I wish to put a timeout on a function called foo. Consider the following

func fooWithTimeout(d time.Duration) error {
    ch := make(chan error, 1)
    go func() {
        ch <- foo()
    }()

    select {
    case err := <-ch:
        return err
    case <-time.After(d):
        return errors.New("foo has timed out")
    }
}
  • If foo has timed out, then will foo ever be able to write to channel ch or is there a risk the goroutine blocks or panics?
  • What happens to channel ch once fooWithTimeout has exited?
  • Is this code potentially problematic?
  • Should I add defer close(ch) within go func(){...}() just before calling foo?
  • Does it matter that I use a buffered (with size 1) or an unbuffered channel in this example?

CodePudding user response:

After the timer tick, fooWithTimeout will return.
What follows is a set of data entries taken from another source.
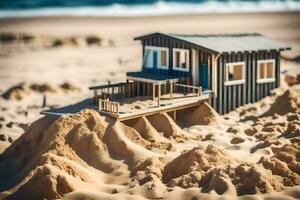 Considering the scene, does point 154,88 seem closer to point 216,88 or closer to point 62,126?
point 216,88

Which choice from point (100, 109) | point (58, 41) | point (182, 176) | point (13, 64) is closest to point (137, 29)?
point (58, 41)

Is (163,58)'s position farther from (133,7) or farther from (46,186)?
(133,7)

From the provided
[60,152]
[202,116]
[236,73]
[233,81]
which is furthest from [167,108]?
[60,152]

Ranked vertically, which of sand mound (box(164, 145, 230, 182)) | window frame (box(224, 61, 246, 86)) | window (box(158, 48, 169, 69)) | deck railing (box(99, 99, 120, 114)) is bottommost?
sand mound (box(164, 145, 230, 182))

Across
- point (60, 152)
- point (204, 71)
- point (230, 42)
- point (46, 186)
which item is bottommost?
point (46, 186)

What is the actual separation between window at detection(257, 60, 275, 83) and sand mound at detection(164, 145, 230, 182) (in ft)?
30.0

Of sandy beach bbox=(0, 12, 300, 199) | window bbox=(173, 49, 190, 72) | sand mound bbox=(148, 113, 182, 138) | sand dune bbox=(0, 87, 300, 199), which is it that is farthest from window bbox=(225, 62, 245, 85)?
sand mound bbox=(148, 113, 182, 138)

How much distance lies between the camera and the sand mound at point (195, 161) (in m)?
16.7

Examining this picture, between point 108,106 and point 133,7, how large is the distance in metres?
57.5

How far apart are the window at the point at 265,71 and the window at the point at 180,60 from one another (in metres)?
3.13

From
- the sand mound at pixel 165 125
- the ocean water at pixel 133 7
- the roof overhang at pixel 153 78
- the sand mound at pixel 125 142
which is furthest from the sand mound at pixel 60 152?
the ocean water at pixel 133 7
The goroutine will continue running until foo returns.

If foo times out, it will write to channel ch because it is buffered.

The channel ch will be garbage collected eventually if foo returns.

You don't need to close the channel. Once it is out of scope, it will be garbage collected.

A large burst of calls fooWithTimeout will create large amount of resources. Each call creates two goroutines. The proper way of timing this out is to change foo to use a context.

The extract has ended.